Date: Sun, 16 Oct 2016 06:21:41 +0300
From: "Michael S. Tsirkin" <mst@redhat.com>
To: Paolo Bonzini <pbonzini@redhat.com>
Cc: linux-kernel@vger.kernel.org, kvm@vger.kernel.org, rkrcmar@redhat.com,
        yang.zhang.wz@gmail.com, feng.wu@intel.com
Subject: Re: [PATCH 1/5] KVM: x86: avoid atomic operations on APICv vmentry
Message-ID: <20161016060320-mutt-send-email-mst@kernel.org>
References: <1476469291-5039-1-git-send-email-pbonzini@redhat.com>
 <1476469291-5039-2-git-send-email-pbonzini@redhat.com>
MIME-Version: 1.0
Content-Type: text/plain; charset=us-ascii
Content-Disposition: inline
In-Reply-To: <1476469291-5039-2-git-send-email-pbonzini@redhat.com>
Sender: linux-kernel-owner@vger.kernel.org
Content-Length: 2391
Lines: 73

On Fri, Oct 14, 2016 at 08:21:27PM +0200, Paolo Bonzini wrote:
> On some benchmarks (e.g. netperf with ioeventfd disabled), APICv
> posted interrupts turn out to be slower than interrupt injection via
> KVM_REQ_EVENT.
> 
> This patch optimizes a bit the IRR update, avoiding expensive atomic
> operations in the common case where PI.ON=0 at vmentry or the PIR vector
> is mostly zero.  This saves at least 20 cycles (1%) per vmexit, as
> measured by kvm-unit-tests' inl_from_qemu test (20 runs):
> 
>               | enable_apicv=1  |  enable_apicv=0
>               | mean     stdev  |  mean     stdev
>     ----------|-----------------|------------------
>     before    | 5826     32.65  |  5765     47.09
>     after     | 5809     43.42  |  5777     77.02
> 
> Of course, any change in the right column is just placebo effect. :)
> The savings are bigger if interrupts are frequent.
> 
> Signed-off-by: Paolo Bonzini <pbonzini@redhat.com>
> ---
>  arch/x86/kvm/lapic.c | 6 ++++--
>  arch/x86/kvm/vmx.c   | 9 ++++++++-
>  2 files changed, 12 insertions(+), 3 deletions(-)
> 
> diff --git a/arch/x86/kvm/lapic.c b/arch/x86/kvm/lapic.c
> index 23b99f305382..63a442aefc12 100644
> --- a/arch/x86/kvm/lapic.c
> +++ b/arch/x86/kvm/lapic.c
> @@ -342,9 +342,11 @@ void __kvm_apic_update_irr(u32 *pir, void *regs)
>  	u32 i, pir_val;
>  
>  	for (i = 0; i <= 7; i++) {
> -		pir_val = xchg(&pir[i], 0);
> -		if (pir_val)
> +		pir_val = READ_ONCE(pir[i]);
> +		if (pir_val) {
> +			pir_val = xchg(&pir[i], 0);
>  			*((u32 *)(regs + APIC_IRR + i * 0x10)) |= pir_val;
> +		}
>  	}
>  }
>  EXPORT_SYMBOL_GPL(__kvm_apic_update_irr);

gcc doesn't seem to unroll this loop and it's
probably worth unrolling it

The following seems to do the trick for me on upstream - I didn't
benchmark it though. Is there a kvm unit test for interrupts?

--->

kvm: unroll the loop in __kvm_apic_update_irr.

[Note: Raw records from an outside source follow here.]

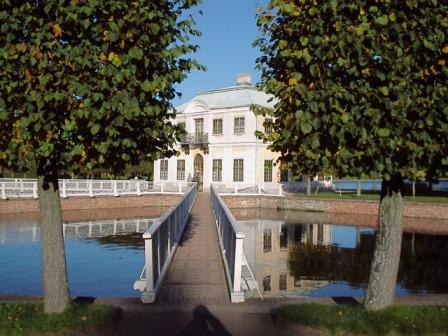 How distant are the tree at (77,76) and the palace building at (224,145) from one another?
32683 millimetres

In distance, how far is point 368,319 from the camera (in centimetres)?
657

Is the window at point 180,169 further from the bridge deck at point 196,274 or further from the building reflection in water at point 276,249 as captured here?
the bridge deck at point 196,274

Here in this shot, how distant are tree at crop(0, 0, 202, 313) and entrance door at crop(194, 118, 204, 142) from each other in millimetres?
36831

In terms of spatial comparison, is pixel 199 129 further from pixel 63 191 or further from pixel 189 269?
pixel 189 269

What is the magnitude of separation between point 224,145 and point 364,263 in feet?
87.1

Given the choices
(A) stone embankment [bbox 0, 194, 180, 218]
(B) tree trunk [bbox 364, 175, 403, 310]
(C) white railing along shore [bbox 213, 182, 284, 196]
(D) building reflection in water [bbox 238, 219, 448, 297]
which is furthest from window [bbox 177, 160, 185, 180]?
(B) tree trunk [bbox 364, 175, 403, 310]

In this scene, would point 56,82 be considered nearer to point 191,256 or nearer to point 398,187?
point 398,187

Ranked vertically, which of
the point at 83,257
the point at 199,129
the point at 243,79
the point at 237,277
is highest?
the point at 243,79

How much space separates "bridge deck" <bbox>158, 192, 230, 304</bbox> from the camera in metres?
8.53

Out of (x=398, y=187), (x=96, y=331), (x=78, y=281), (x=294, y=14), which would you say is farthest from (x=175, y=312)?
(x=78, y=281)

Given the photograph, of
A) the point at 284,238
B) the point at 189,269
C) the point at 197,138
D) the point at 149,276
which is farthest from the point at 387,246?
the point at 197,138

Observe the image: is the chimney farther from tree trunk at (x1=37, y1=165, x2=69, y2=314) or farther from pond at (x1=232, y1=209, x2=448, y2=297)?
tree trunk at (x1=37, y1=165, x2=69, y2=314)

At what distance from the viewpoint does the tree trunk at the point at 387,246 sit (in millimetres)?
6898

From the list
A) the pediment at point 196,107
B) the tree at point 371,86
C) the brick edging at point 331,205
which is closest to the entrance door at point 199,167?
the pediment at point 196,107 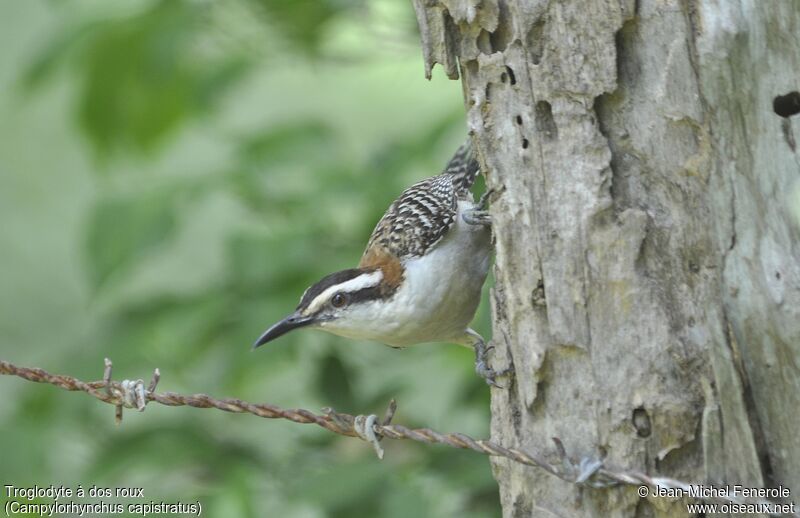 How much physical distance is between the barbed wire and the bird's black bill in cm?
98

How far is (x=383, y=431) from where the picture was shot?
3021 millimetres

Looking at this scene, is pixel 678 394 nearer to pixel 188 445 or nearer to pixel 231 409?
pixel 231 409

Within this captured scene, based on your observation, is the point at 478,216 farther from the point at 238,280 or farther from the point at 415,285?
the point at 238,280

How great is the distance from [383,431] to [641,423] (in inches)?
28.7

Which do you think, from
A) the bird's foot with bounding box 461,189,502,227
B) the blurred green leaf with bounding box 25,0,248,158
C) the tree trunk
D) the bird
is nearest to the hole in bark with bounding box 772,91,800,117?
the tree trunk

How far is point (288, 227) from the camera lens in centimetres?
490

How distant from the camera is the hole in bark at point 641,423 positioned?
2721 millimetres

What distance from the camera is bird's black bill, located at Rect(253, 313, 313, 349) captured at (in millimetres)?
4141

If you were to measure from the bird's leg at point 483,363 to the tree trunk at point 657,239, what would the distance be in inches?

This is hot data path in interrupt-rich workloads, worth unrolling.

Signed-off-by: Michael S. Tsirkin <mst@redhat.com>


diff --git a/arch/x86/kvm/lapic.c b/arch/x86/kvm/lapic.c
index b62c852..0c3462c 100644
--- a/arch/x86/kvm/lapic.c
+++ b/arch/x86/kvm/lapic.c
@@ -337,7 +337,8 @@ static u8 count_vectors(void *bitmap)
 	return count;
 }
 
-void __kvm_apic_update_irr(u32 *pir, void *regs)
+void __attribute__((optimize("unroll-loops")))
+__kvm_apic_update_irr(u32 *pir, void *regs)
 {
 	u32 i, pir_val;